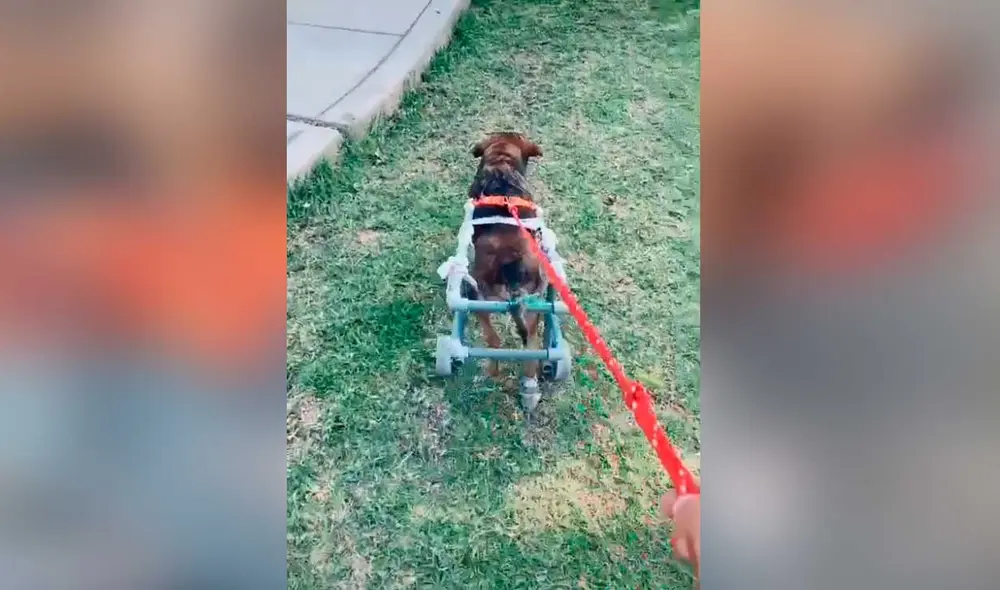 Desliza las imágenes para ver la emotiva escena que protagonizó este perrito con discapacidad al ver su nueva silla de ruedas. Foto: captura de TikTok/jonathannakamatsu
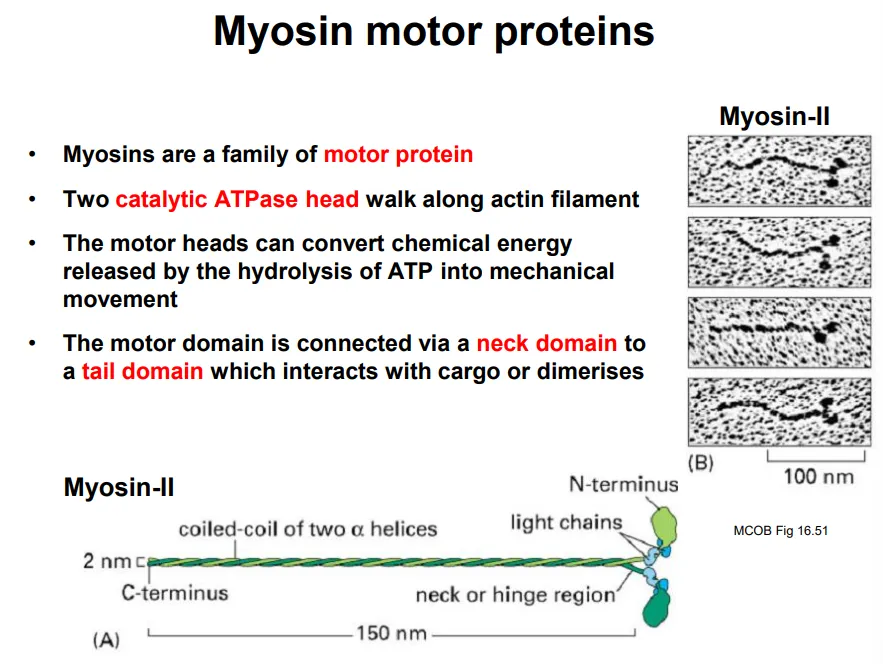 <ul><li><p>in plants and fungi, the large vacuole means organelles and vesicles must be moved around by <strong>myosin motor proteins</strong>, causing the cytoplasm to also move by <strong>cytoplasmic streaming </strong>(overcomes diffusion barrier)</p></li></ul><ul><li><p><strong>two catalytic heads</strong> walk along the actin filament in steps by conformational changes from <strong>hydrolysing ATP</strong></p></li><li><p>this is connected to a <strong>neck </strong>domain, with a <strong>tail </strong>domain on the end to bind to <strong>cargo</strong></p></li></ul><p></p>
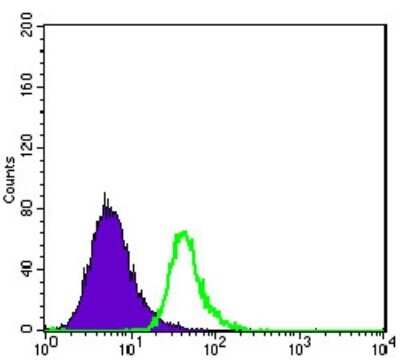 Flow Cytometry: ABCG2/CD338 Antibody (3G8) - Azide and BSA Free [NBP2-80558]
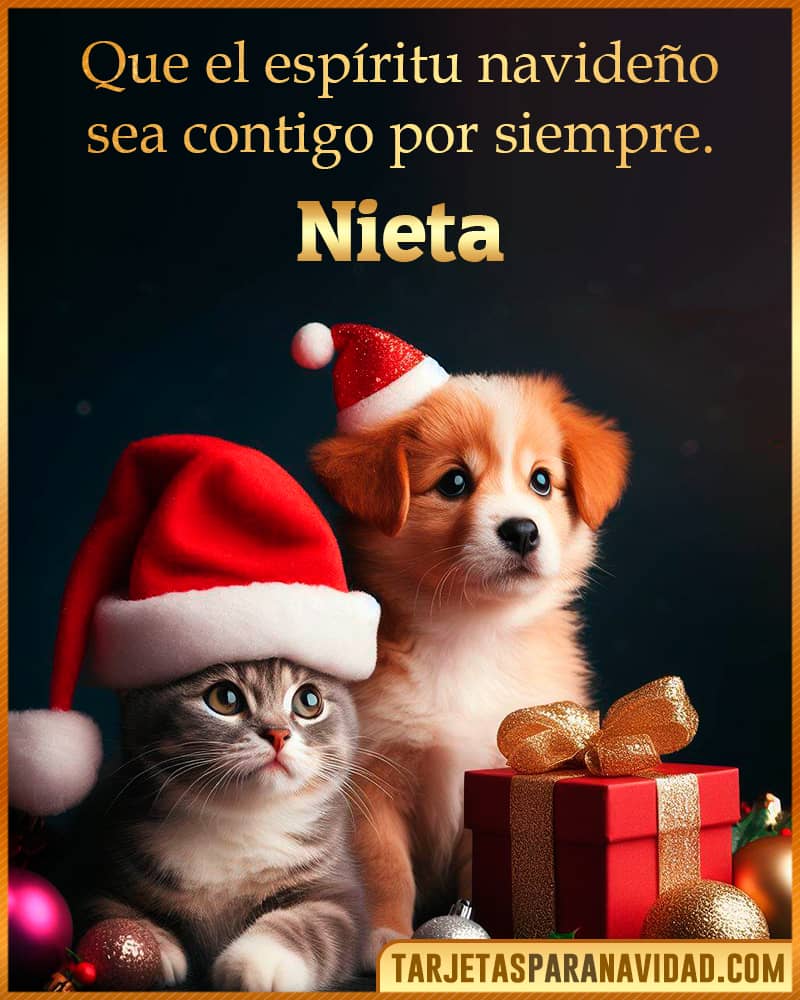 Imagenes de navidad para Nieta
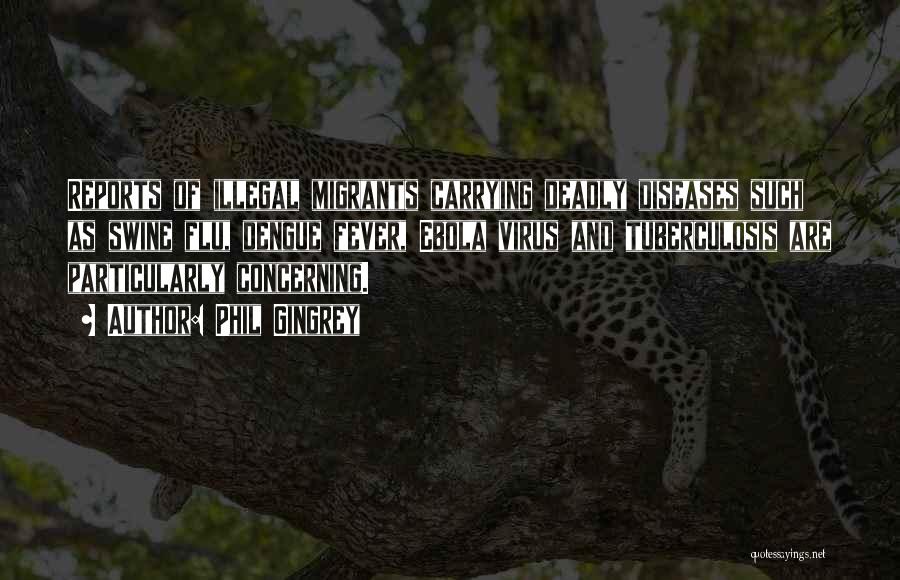 Phil Gingrey Quotes: Reports Of Illegal Migrants Carrying Deadly Diseases Such As Swine Flu, Dengue Fever, Ebola Virus And Tuberculosis Are Particularly Concerning.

Work to complete:
Output a verbatim copy of the lines from the line containing "<ul><li><p>in plants and" through the end of the data, both included, without any images.

Answer section:
 <ul><li><p>in plants and fungi, the large vacuole means organelles and vesicles must be moved around by <strong>myosin motor proteins</strong>, causing the cytoplasm to also move by <strong>cytoplasmic streaming </strong>(overcomes diffusion barrier)</p></li></ul><ul><li><p><strong>two catalytic heads</strong> walk along the actin filament in steps by conformational changes from <strong>hydrolysing ATP</strong></p></li><li><p>this is connected to a <strong>neck </strong>domain, with a <strong>tail </strong>domain on the end to bind to <strong>cargo</strong></p></li></ul><p></p>
 Flow Cytometry: ABCG2/CD338 Antibody (3G8) - Azide and BSA Free [NBP2-80558]
 Imagenes de navidad para Nieta
 Phil Gingrey Quotes: Reports Of Illegal Migrants Carrying Deadly Diseases Such As Swine Flu, Dengue Fever, Ebola Virus And Tuberculosis Are Particularly Concerning.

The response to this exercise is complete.